Je dois parfois me torturer pendant des heures pour pondre 10 malheureuses lignes sur un nouvel album. Souvent parce que ledit album est quelconque, certes, voire médiocre. Ici, avec ce premier single de Lindemann, le projet de Till Lindemann (Rammstein) et Peter Tägtgren (Pain, Hypocrisy), j’ai l’impression que je pourrais écrire une page sur tout ce qui ne va pas avec ce morceau.

Par où commencer ?

Tout d’abord par le volet purement musical, confié à Peter Tägtgren, un musicien au talent indéniable, qui a su s’avérer convaincant dans trois genres différents (parce que beaucoup oublient que Peter a aussi joué dans « son » groupe de Black Metal, The Abyss, et que ce projet vaut le détour). Mis à part peut-être Catch 22 (et encore, je ne fais pas vraiment partie des détracteurs), Hypocrisy frôle le carton plein, et on peut en dire autant au sujet de Pain. Sur le papier, on pouvait donc s’attendre à quelque chose de solide. Hélas, « Praise Abort » est loin d’être aussi passionnant. Le refrain est loin d’être mémorable, le propos manque de punch (on est loin du rouleau compresseur teuton)… Sur ce plan, Lindemann peine à décoller, et si le premier titre choisi pour promouvoir l'album est si faible, on est en droit de s’inquiéter.

Cependant, Lindemann (le projet) est aussi le naufrage de Lindemann (le songwriter). Avec Rammstein, Till a fait des merveilles en matière de textes. Certes, d’aucuns me rappelleront « Te Quiero Puta » et « Pussy » dont le niveau était très proche de la ceinture, et je ne peux pas leur donner tort, mais le reste de la discographie de Rammstein comporte son lot de textes travaillés, recherchés, comme la relecture du conte Erlkönig sur le morceau « Dalai Lama » que l’on retrouve sur Reise, Reise.
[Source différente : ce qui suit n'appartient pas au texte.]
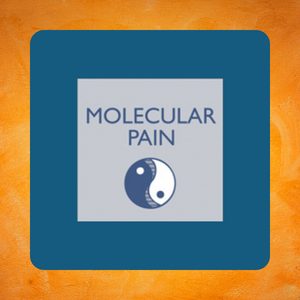 Neuromodulation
Même « Mein Teil » évitait l’écueil de la provoc stupide en jouant avec les mots (le double sens de « Er hat mich zum Fressen gerne » n’aura pas échappé à ceux qui maîtrisent la langue de Goethe). Et si Till est un si bon songwriter, c’est parce qu’il manie sa langue maternelle avec brio. Ici, le passage à l’anglais a sensiblement réduit son efficacité. Chanter en allemand ? Ce n’était vraisemblablement pas une option, le parallèle avec Rammstein aurait été encore plus facile à faire. « Praise Abort » verse dans la provoc facile, habilement emballée avec de gros moyens dans un clip qui ne laissera pas indifférent. Mais en grattant un peu, on ne peut pas ignorer la faiblesse de ce morceau sur le plan textuel aussi. Et pour ne rien arranger, l’accent de Till est loin d’être convaincant. Il parle anglais comme quelqu’un qui dirait « Ach, si mes ancêtres avaient été plus efficaces en 40, tout le monde parlerait allemand et je n’aurais pas dû apprendre cette langue de Yankees » (1)

« Praise Abort » est donc censé nous teaser, nous emballer jusqu’à la sortie de l’album programmée d’ici peu. Personnellement, ce titre suscite chez moi bien plus d’interrogations que d’attentes. Si tout l’album est du même tonneau, on pourra en conclure que 1. Till et Peter ont fait ce qu’ils voulaient, sans se soucier des modes, des tendances et des attentes et 2. cela risque de faire bien des déçus.  Mon impatience s’est muée en inquiétude. J’ai l’impression que je suis sur le point d’assister au premier faux-pas de deux géants qui, au final, ne seraient donc que deux colosses aux pieds d’argile.


(1) Vous ne rêvez pas, c’est un point Godwin parfaitement assumé, et je me déçois presque de l’avoir sorti si tard dans ce texte.